So what’s going on here? Well, it turns out none of this workplace bias actually starts at work. It starts way earlier, at home in infancy, and it’s because of this unconscious bias that’s buried so deeply inside of us that we don’t even realize it exists. 

I’m the mother of a daughter and a son. The research tells us that mothers of infants routinely overestimate the crawling ability of their baby sons, but underestimate the crawling ability of their baby daughters. Then, when a kid turn 2 years old, parents who type into Google “Is my child a genius?” they’re more than twice as likely to type that in about a boy two-year-old than a girl. Then, these kids get into school, their teachers are biased. In one experiment, students were given two sets of math tests. One graded anonymously, one graded with names on top. When graded anonymously, the girls outscored the boys. When graded with names on top, the boys suddenly outscored the girls in math. Now, this pattern repeats all the way up until college, where a female college student needs an A average to be seen as the equal of a male college student with a B average.

That means, by the time these now grown kids, now young men and women, enter the workforce, they have already internalized that women are worth less. And when we value women less, we also value their contributions less. So, for example, researchers have found that women are interrupted three times more frequently than men. Northwestern University found that even female Supreme Court Justices are interrupted three times more frequently than male justices. And then when women — when we make up less than a third of a room — our voices are literally not heard. 

When I speak with groups, I very often ask for a show of hands among the women who have experienced the following scenario: You say something in a meeting, and nobody seems to hear it. And then two minutes later some guy repeats exactly what you just said, and everybody turns to him and they’re like “Hey Bob, great idea you had Bob.”

Right — usually 100 percent of hands go up, including mine because what we’re experiencing is a respect gap that researchers have documented between men and women, and I saw this most vividly when I interviewed transgender professionals. These are the only people who have lived on both sides of that divide. One of them was Ben Barres. So, Ben Barres was this neuroscientist at Stanford University. He was born as Barbara Barres and he transitioned in middle age after already establishing a successful scientific career. He told us how after his transition he went to a conference, he delivered a paper, and in the audience, one scientist turned to another scientist and said, “Wow, that Ben Barres, he is so much smarter than his sister Barbara.” 

So, it turns out there are a whole bunch of communications disconnects that exacerbate everything we’re talking about. So, for example, women do use more hedging language — the “I hate to bother you but…” or “This might be a stupid question but…” and we use that ‘up speak’. We say it as a question when we really mean a statement, and also women — we apologize all the time, and we are not sorry. We are also highly aware of all of these verbal tics; we try like crazy to curb them. I’ve met women who have sorry jars on their desks — every time they apologize. they have to throw a buck in. I’ve met women who have taken acting classes to appear to be more confident to the men with whom they work, or who have fired vocal coaches to lower the pitch of their voice to sound more like the men they work with. We women, we are leaning in so hard to fit into this world that was created by men for men, that we’re just about fallen over. It is about time that men lean back in toward us.

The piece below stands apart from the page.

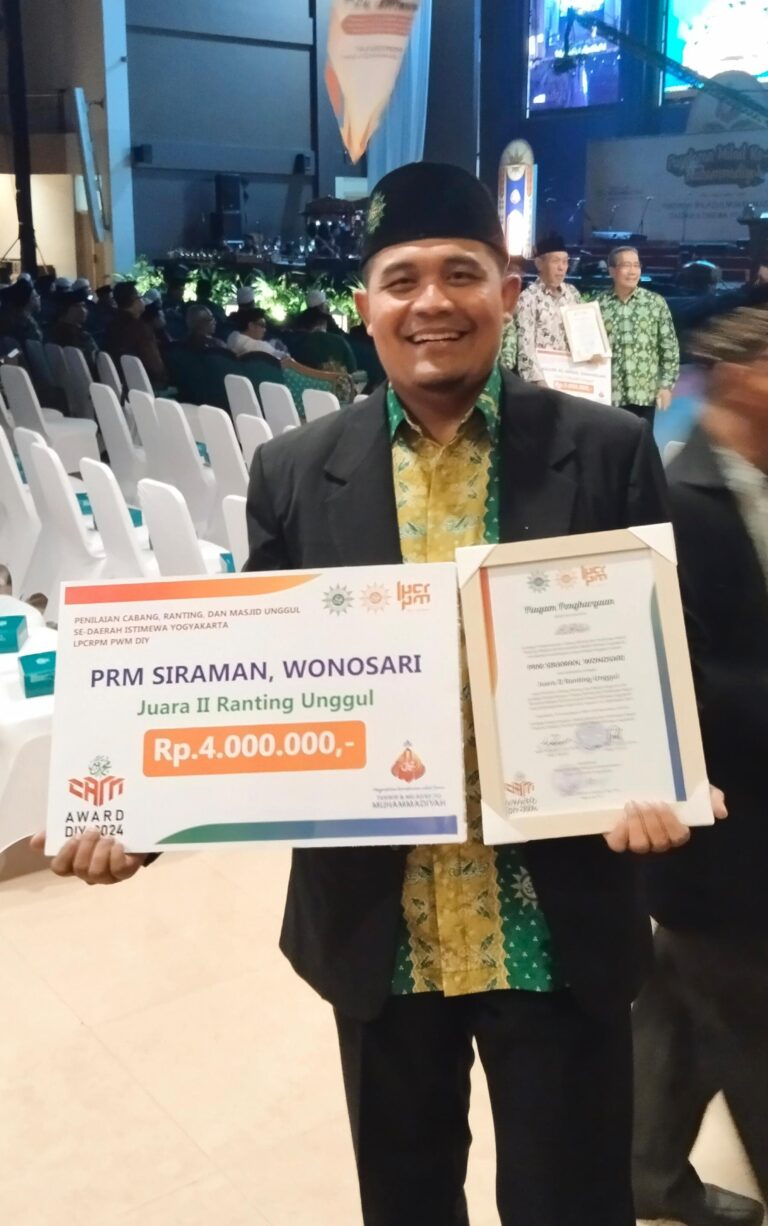 Wahyu Dwi Nugroho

Now, the challenge there is that even men who want to be part of the solution often aren’t sure quite how, and one obstacle, it turns out, is fear. 74 percent of men in one survey cited fear — they were afraid of other men’s disapproval, afraid of loss of status, and afraid that they would say the wrong thing to us women and we would chop their heads off.

Now in my travels interviewing men, I found another type of fear, and it was fear of tears. These were men in positions of authority. They said they were afraid they would inadvertently say something to a female subordinate that would hurt her feelings and make her cry, but the research tells us that when women do cry at work, it is not because our feelings were hurt, it is because we’re pissed off. We’re frustrated. We’re furious. A woman crying at work is an awful lot like a man yelling at work, but the men don’t know that, and this actually has really serious consequences for women’s careers.

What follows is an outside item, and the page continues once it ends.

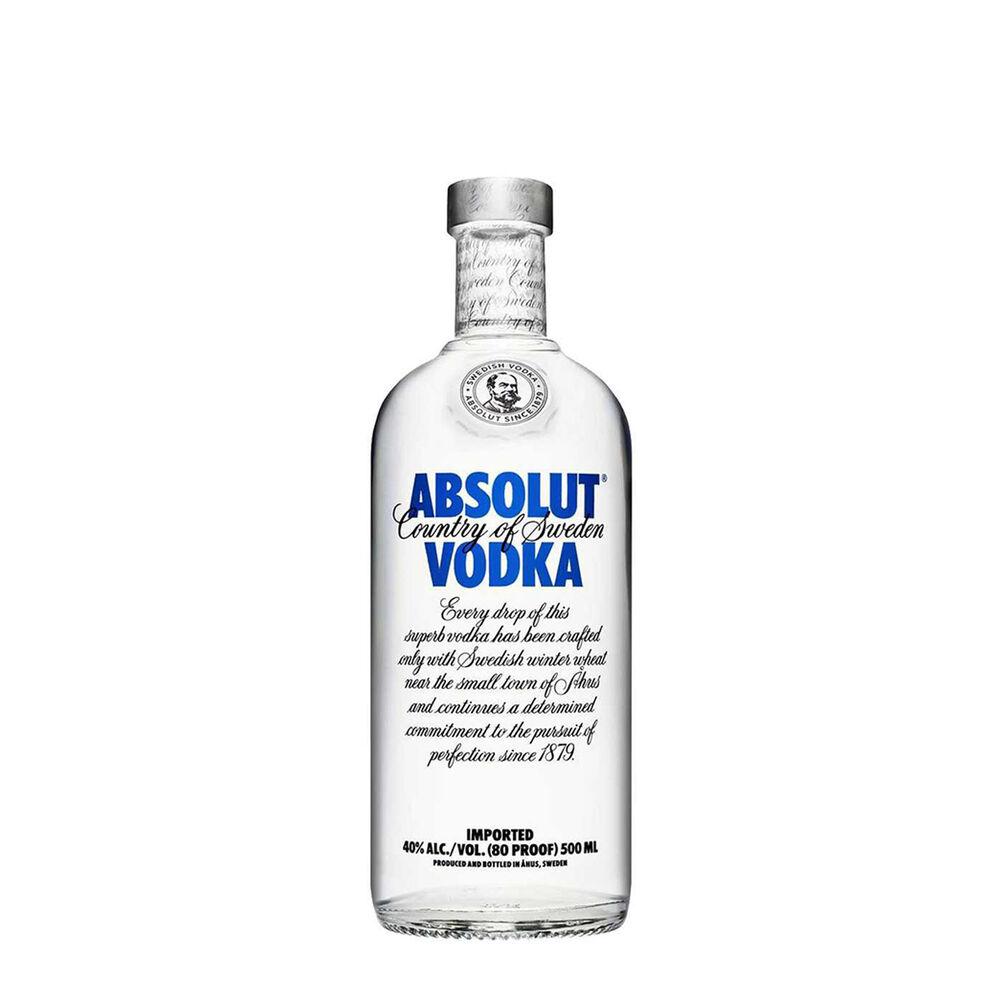 Vodka Absolut 7 cl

79 percent of men in one survey said they were afraid to give women the candid feedback they need to be successful. And we see this in studies of performance reviews. In one study, the men got very metrics based on cut-and-dried feedback. The women, however, ended up getting personality critiques with words like “irrational,” “strident,” and “abrasive.” Now, the good news in all of this is that there are actually simple steps that any one of us can take that actually will counter those biases. They come down to awareness, and I’m just going to mention three really easy ones.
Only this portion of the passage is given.